The only votes “for” came from the GERB party MPs, though even they, as their parliamentary group chair Tsvetan Tsvetanov said were against, but decided to give their support out of “political loyalty”. Minister Bachvarova took heart when Prime Minister Boyko Borissov insisted that the proposed amendments be discussed by parliament as soon as possible, despite the unfortunate turn of events at its internal security committee. National Assembly President Tsetska Tsacheva confirmed they would - probably out of political loyalty too.

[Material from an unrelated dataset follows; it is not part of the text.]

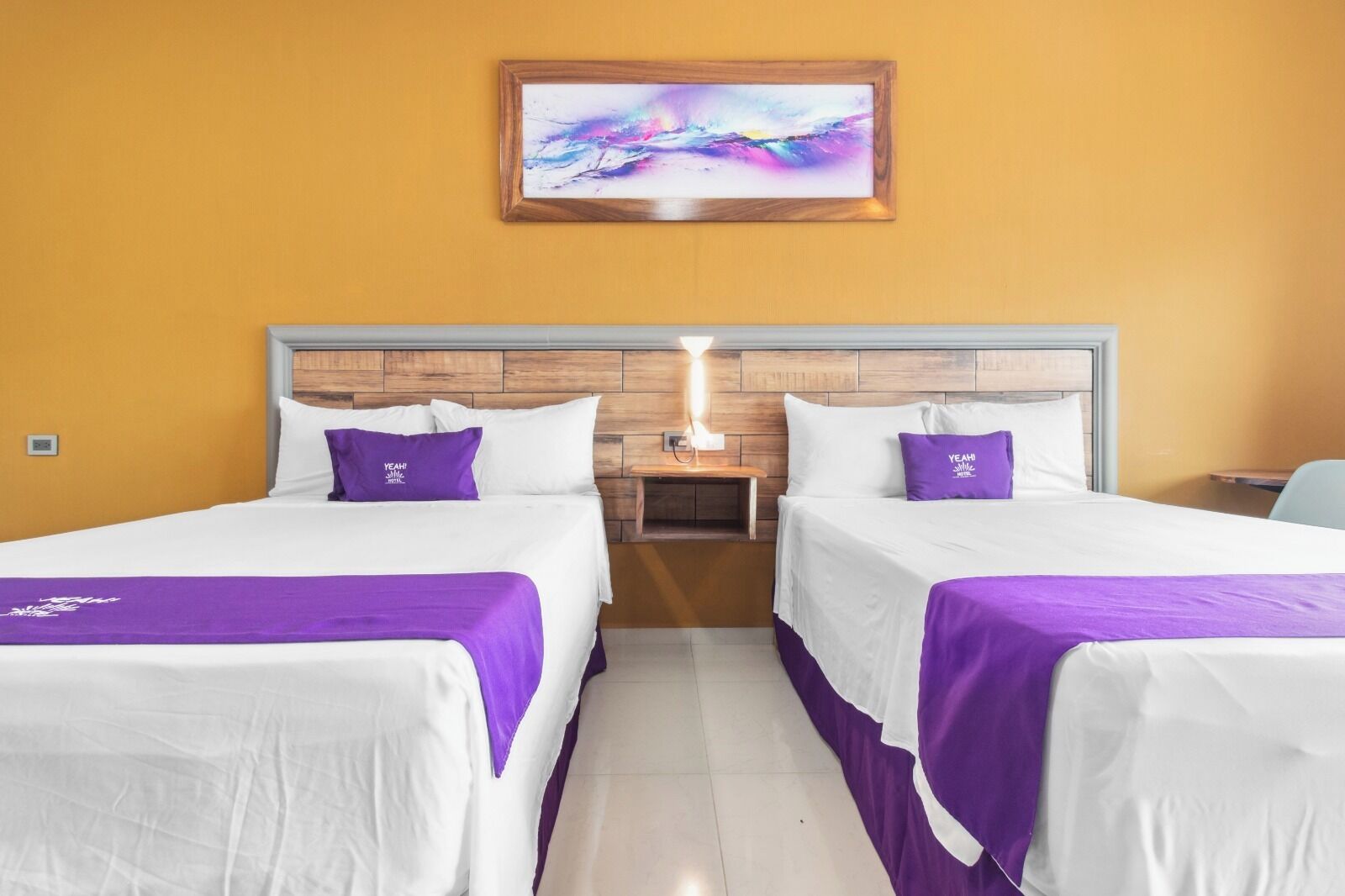 Habitación de hotel con dos camas, cada una con sábanas blancas y detalles morados, un cabecero de madera, una mesita de noche con una lámpara y un cuadro abstracto colorido en la pared.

Another episode that generated tensions inside the ruling party took place less than a month ago, when the GERB parliamentary faction demanded that the prime minister justify why people from the Democrats for a Strong Bulgaria (DSB) were being tolerated as cabinet ministers. There are many inside GERB who say that after the DSB chose to be in opposition, its members appointed to key positions in the administration should be let go. And not without reason - after being part of the ruling coalition for one year, the DSB decided to withdraw its support for the government and to opt for forming an anti-corruption alliance against it, yet the Reformist Bloc - a partner to GERB in the government - has not formally withdrawn from the coalition. PM Borissov ended the discussion stating that in light of the terror in Brussels, the internal problems with the DSB did not deserve any comment and he wasn't interested in any “divorce proceedings”. Again, probably out of political loyalty, the MPs agreed with this.
After the bitter fight over the judicial reform in the country, at the end of last year Minister of Justice Hristo Ivanov tendered his resignation in protest against it. Now the demand is for the resignation of Health Minister Petar Moskov, a DSB nomination, over the controversial reform in the public health system. But neither is Moskov submitting his resignation nor is the prime minister asking for it. One would think that with such a mess and so much controversy in such a short space of time, the popularity of the ruling party would go down and that of the opposition - up. Yet sociologists have registered a trend that is quite the opposite. According to latest Exacta Research data, GERB is still the leading political force with an approval rating of 24.3 percent. The biggest opposition party - the Bulgarian Socialist Party (BSP) comes second, though with a meagre 13.2 percent. Though far from united, approval for the junior partner in the ruling coalition, the Reformist Bloc at 5.5 percent is almost equal to the approval for the habitual third political force in parliament, the Movement for Rights and Freedoms with 5.7 percent. And this is so because there is, as yet, no alternative to GERB in the offing. Bulgarian Socialist Party leader Mihail Mikov made it clear just before his party's congress that the socialists were yet to assert themselves as an opposition, an alternative to the ruling party. The Movement for Rights and Freedoms (DPS) - a party recently split in two and criticized by its own dissidents as “a Gordian knot of corruption, oligarchy and pro-Russian interests” in Bulgaria, is no alternative either. Not to mention the nationalists - there is no way Ataka party can win over voters with a leader convicted of hooliganism or the Patriotic Front, which is, in practical term, an ally to the current administration. Despite the friction and the failures, the ruling GERB party has not lost any support for fear that without them, things would actually be even worse.